Under Section 58 of the Anti-Terrorism Act (ATA), the Act shall take effect “fifteen (15) days after its complete publication in the Official Gazette or in at least two newspapers of general circulation.” No rule is more settled in the legal realm than that the publication of a law is an indispensable requirement for its effectivity as the purpose of which is to make full disclosure and give proper notice to the people. Complying with this legal obligation, the ATA was not only posted on the Official Gazette’s website on 3 July 2020 but also subsequently published on the print Official Gazette on 6 July 2020. Despite the wider reach of the internet, however, the Supreme Court, in Garcillano v. House of Representative (G.R. No. 170338, 23 December 2008) ruled that the internet is not a proper medium for publishing laws, rules, and regulations. The official medium remains to be the print Official Gazette or a newspaper of general circulation. All these things considered, the ATA shall take effect after the lapse of fifteen (15) days from (6 July 2020) the complete publication on the Official Gazette, that is 22 July 2020.

Consistent with procedure after the enactment of a law is the crafting and promulgation of its corresponding Implementing Rules and Regulations (IRR). However, even while the IRR is still underway, the ATA is already in force, due to the following reasons:

First, the promulgation of the IRR is not a condition precedent for the effectivity of the ATA. The pending issuance of an IRR cannot defer the law coming into force. A law is presumed to be valid when there exists an interpretation favorable to its effectivity. Unless there are clear and unmistakable showing of the law’s constitutional and statutory infirmity, the presumption of validity subsists, and the law is binding and effective.
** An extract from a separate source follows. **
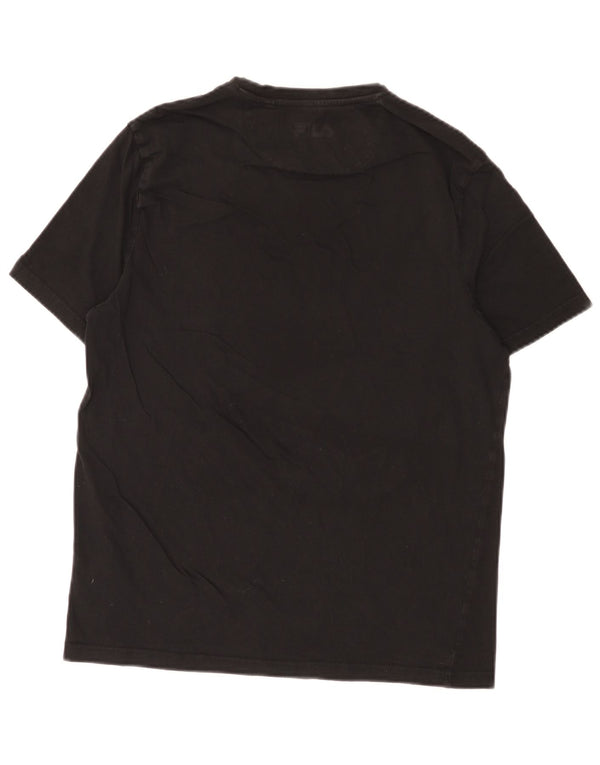 Fila Camiseta gráfica para hombre Top Medium Black Cotton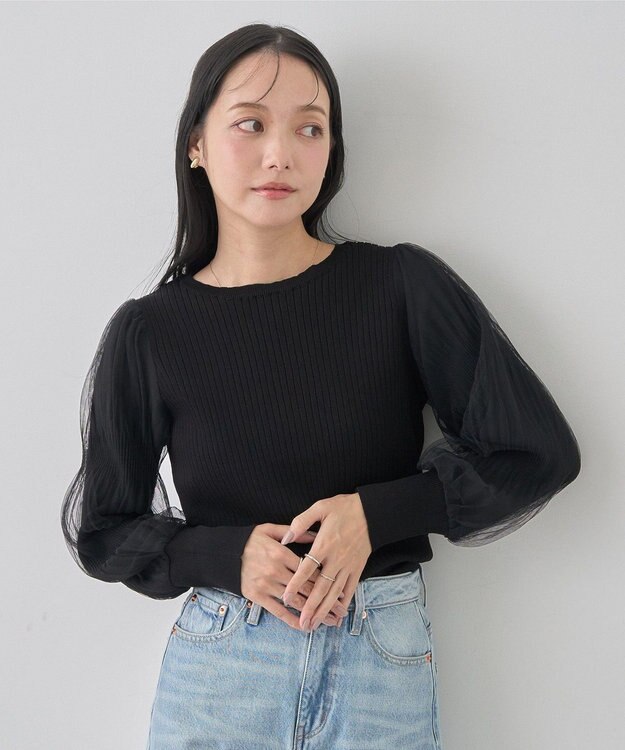 earth music&ecology マジョリカプリーツチュールニットプルオーバー Black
Second, the complete publication of the ATA is the only condition sine qua non before it can take effect. While there are provisions where operational details need to be spelled out or standards clearly defined in the IRR for the proper implementation of the law, there is no provision in the ATA which prohibits its implementation without an IRR.

Sections 45 and 52 of the ATA are exceptions to the general rule. Under both sections, Congress delegated quasi-legislative functions to the Anti-Terrorism Council and the Bureau of Jail Management and Penology and Bureau of Corrections to craft purely administrative rules for the effective implementation of the policies of the law. Save for these provisions, the law is self-executing.

As the Supreme Court held in SEC v. Interport Resources Corporation (G.R. No. 135808, 6 October 2008), laws are not contingent on the implementing rules. To claim that the law is ineffective until implementing rules are promulgated creates an absurd situation where an agency can delay the effectivity of the law by delaying promulgation of its rules. To argue that a law is less than a law, because it is made to depend on a future event or act, is to rob Congress of its plenary power to act wisely for the public welfare.